Importantly, an exome array with a backbone of pan-genomic coverage of intergenic regions, as used in this study, is the ideal clinical CMA because it offers the highest resolution possible for cytogenetic analysis. In addition, the array design tested in this study also included single-nucleotide polymorphism probes to provide genotyping information to detect long continuous stretches of homozygosity, which may represent uniparental disomy or identity by descent.16 The added sensitivity of exon-level analysis of the entire genome is unclear at present because it has not been used widely before, but it would likely augment the 15–20% sensitivity now routinely observed with traditional whole-genome CMA designs for diagnosing intellectual disability, developmental delay, and congenital anomalies.5 To that end, various groups have already described intragenic deletions in a wide variety of genes.7,17,18

Some limitations persist for detecting CNVs for both aCGH and WES. Difficult sequence characteristics, such as GC-rich content, pseudogenes, and segmental duplications, present a significant challenge to cover the entire coding region of the genome. Even when CNV detection is possible at some loci, the significance of specific CNVs can be difficult to interpret. For example, CNVs that include noncoding elements of a gene, such as promoters, untranslated regions, and intronic sequences, are invariably classified as variants of uncertain significance or dismissed as likely benign. One reason for that difficulty is the absence of robust CNV data at the resolution of a single gene. Despite the tremendous progress made in recent years in collecting CNV data from clinically affected individuals and from control individuals, the resolution of the arrays used in those studies was not high enough, and therefore the spectrum of CNV variation is largely restricted to deletions or duplications in the range of 250 kb and longer. However, this gap will close relatively quickly with increasing use of WES in clinical and research environments and further improvements in copy-number detection algorithms.

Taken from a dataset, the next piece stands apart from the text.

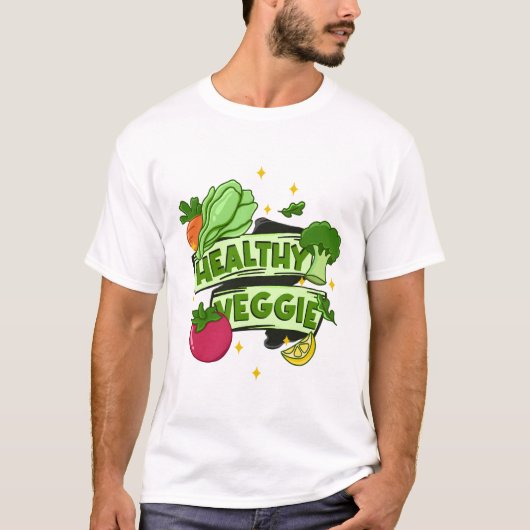 ヘルシーな野菜 Tシャツ (正面)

Data from whole-genome CMA and from exon-focused aCGH indicate that intragenic CNV is not uncommon. The data presented here provide insight into the incidence of intragenic CNV in a clinical population and show that exome sequencing with a depth of coverage of 10× is sufficient to detect many pathogenic multi-exon deletions and duplications. With a higher depth of coverage, the resolution of WES will increase and may detect single-exon deletions or duplications routinely, although this would significantly increase the cost per sample at present. Until the time that WES can reliably detect intragenic CNV mutations, a whole-exome array is a sensitive tool to detect intragenic deletions or duplications in virtually any gene in the genome.

Disclosure

The authors are employees of GeneDx, a subsidiary of Bioreference Laboratories.